I just watched it. Is it woke, I don't recall seeing a black person in it. So the casting represents the population of Europe at the time. Is it gay or feminist, not really. Victor has weird attachment issues with his mom and the creature, but nothing overtly gay or feminist in it. I didn't see anything really pushing a modern progressive message.
It has Del Toro's gothic aesthetic. There were shots that showed deep green lighting I think are in every Del Toro movie. It has a lot of gore. People are treated like blood bags throughout the movie.
I think it's a good movie with some pacing issues. I think some parts are too slow and other parts happen quickly with little build-up. My biggest gripe about the movie is the Elizabeth character. She really doesn't add much and her instant attraction and love for the creature is weird. And personally I don't understand the fascination with Mia Goth, I think she's odd looking and a fair actress at best.
TL:DR - Frankenstein is a decent adaptation with gore and no overt modern progressivism.
There you go. That's the hook.
There seems to have been a recent push in the mainstream (or at least, from what I've observed?) to heavily convince women that they should be into bestiality of some kind.
Maybe I've just been out of the loop for a lot of material aimed at women over the years, but various social commentary content creators I follow have noted how hard they have been pushing the women-with-monsters angle in media recently, especially romance novels.
Have they always been this way? Maybe. But from back what I remember, blokes like Fabio used to grace the covers of romance novels frequently, not minotaurs and centaurs.
Del Toro also did the Shape of Water, which was also about a wench falling in love with a creature. Seems like a common theme with some of his more recent films.
While that's probably the subtext, my male mind interpreted it as Elizabeth being a bleeding heart who saw the monster as something innocent. And indeed, it was at first. Dangerous, but a true blank slate. A newborn baby in the body of a juggernaut. Her infatuation of the creature coming from maternal instinct rather than lust.
Of course, that's what I saw in it. What Del Toro intended, and what the female audience will get out of it are probably very different.
That's fine until her death scene where she starts talking about falling in love so quickly and all
That's a fair assessment of what could have been intended, and a good faith interpretation.
Mine was more of the pessimistic impression based on current cultural trends.
All part of the plan.

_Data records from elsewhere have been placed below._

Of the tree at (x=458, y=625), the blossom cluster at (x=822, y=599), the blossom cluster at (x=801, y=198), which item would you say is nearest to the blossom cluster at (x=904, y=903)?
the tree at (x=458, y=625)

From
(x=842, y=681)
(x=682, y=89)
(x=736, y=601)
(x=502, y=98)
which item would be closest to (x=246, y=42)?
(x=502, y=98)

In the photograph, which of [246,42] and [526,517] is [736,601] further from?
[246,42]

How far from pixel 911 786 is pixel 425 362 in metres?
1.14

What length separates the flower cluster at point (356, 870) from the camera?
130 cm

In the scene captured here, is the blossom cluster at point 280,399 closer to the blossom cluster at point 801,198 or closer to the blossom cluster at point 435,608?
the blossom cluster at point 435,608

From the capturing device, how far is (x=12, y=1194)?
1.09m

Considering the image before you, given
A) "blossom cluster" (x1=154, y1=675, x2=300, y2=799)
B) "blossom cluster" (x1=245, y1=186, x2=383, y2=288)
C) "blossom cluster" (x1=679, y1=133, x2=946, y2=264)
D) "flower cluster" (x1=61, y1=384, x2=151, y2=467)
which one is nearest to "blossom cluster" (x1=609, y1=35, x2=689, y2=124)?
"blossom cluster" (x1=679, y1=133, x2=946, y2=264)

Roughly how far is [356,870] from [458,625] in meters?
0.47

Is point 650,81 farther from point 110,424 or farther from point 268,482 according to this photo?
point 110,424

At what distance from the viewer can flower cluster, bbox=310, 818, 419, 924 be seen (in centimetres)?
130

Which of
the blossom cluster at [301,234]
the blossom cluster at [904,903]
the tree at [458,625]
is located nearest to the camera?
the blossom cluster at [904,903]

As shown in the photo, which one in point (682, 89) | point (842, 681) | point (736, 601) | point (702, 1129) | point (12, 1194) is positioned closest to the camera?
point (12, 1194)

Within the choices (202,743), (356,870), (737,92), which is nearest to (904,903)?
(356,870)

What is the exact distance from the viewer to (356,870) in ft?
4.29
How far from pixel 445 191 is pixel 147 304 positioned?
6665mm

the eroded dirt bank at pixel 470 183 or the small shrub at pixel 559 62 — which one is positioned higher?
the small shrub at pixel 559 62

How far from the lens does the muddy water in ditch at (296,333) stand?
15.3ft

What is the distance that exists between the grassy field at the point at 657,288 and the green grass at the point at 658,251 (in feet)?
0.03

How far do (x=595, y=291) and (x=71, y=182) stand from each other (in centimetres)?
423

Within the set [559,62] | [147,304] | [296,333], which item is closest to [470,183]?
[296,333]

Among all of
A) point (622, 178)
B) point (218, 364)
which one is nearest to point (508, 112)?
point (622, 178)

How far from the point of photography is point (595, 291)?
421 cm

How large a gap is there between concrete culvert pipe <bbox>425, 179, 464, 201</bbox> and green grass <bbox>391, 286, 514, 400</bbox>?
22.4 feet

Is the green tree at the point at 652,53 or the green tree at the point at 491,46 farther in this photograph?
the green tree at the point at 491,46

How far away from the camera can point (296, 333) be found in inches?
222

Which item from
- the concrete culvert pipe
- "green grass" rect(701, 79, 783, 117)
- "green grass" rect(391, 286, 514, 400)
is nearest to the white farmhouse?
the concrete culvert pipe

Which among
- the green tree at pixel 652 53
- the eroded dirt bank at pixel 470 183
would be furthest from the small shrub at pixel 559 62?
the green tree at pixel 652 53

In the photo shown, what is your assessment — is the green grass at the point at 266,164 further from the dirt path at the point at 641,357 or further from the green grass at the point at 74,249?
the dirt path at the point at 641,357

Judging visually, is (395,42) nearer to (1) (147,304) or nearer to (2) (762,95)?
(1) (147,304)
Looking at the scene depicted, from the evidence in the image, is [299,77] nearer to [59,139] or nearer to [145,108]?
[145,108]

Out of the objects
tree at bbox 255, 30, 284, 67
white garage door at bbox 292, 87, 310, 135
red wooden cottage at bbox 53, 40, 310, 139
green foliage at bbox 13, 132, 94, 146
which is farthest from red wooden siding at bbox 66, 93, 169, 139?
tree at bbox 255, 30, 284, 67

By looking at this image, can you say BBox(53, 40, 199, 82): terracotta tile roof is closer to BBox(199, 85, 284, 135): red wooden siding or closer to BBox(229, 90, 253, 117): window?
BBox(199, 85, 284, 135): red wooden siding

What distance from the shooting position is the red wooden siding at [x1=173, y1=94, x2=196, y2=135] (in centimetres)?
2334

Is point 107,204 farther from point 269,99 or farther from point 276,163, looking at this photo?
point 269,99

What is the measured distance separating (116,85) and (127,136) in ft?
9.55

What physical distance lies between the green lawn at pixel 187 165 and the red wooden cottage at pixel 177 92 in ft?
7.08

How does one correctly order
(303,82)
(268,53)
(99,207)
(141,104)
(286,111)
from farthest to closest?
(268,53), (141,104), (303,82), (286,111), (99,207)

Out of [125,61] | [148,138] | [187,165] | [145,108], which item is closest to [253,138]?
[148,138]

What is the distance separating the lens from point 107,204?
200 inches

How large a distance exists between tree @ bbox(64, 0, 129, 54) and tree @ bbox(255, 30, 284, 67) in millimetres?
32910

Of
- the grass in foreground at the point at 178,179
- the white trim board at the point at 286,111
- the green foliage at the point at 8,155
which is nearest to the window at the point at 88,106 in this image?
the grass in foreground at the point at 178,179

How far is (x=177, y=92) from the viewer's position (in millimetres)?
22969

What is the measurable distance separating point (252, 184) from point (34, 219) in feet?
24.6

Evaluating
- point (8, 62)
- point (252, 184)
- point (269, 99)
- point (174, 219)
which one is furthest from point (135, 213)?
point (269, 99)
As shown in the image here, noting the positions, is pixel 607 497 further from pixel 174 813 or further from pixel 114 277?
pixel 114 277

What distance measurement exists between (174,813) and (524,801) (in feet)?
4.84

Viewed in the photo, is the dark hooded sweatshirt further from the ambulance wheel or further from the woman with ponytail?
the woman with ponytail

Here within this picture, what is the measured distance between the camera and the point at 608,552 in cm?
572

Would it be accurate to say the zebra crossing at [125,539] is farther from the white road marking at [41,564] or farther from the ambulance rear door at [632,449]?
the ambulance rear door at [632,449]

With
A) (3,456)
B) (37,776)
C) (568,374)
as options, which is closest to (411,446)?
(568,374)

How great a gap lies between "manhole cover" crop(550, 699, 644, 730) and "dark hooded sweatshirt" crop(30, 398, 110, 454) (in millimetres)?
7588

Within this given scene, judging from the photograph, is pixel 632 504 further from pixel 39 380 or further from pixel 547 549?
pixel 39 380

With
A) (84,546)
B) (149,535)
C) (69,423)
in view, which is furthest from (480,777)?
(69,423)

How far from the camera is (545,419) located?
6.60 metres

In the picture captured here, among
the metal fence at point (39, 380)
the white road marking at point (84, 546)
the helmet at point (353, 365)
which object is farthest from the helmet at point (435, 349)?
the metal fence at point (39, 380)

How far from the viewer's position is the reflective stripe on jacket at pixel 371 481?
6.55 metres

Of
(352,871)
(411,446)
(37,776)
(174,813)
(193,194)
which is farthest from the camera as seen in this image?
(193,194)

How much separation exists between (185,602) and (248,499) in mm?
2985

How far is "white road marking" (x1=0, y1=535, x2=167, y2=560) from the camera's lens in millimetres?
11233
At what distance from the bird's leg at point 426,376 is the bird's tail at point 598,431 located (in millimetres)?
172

Our Race Will Rule Undisputed Over The World
Women aren't that different from men. They just can be more subtle about things.
Look at the pornography problem that men have gone through in the last decades. Where "softcore" stuff was enough for men to pay money just a generation or two ago, and now we have men with hyper fetishes that barely even make sense and an addiction to the dopamine rush of gooning to it.
Women's stuff went through much a similar path, where they dabbled in monster stuff that was still mostly human (the 90s-00s vampire craze was built on this), but it was all still heavily into the romantic, emotional angle that would be their version of "softcore" with Fabio.
Then they literally had hardcore BDSM books reach mainstream popularity and normalcy with 50 Shades of Grey. That became the baseline for their masturbation fantasies. So of course something already established like "monster fucking" would explode into some extreme levels afterward to keep chasing that taboo dopamine high.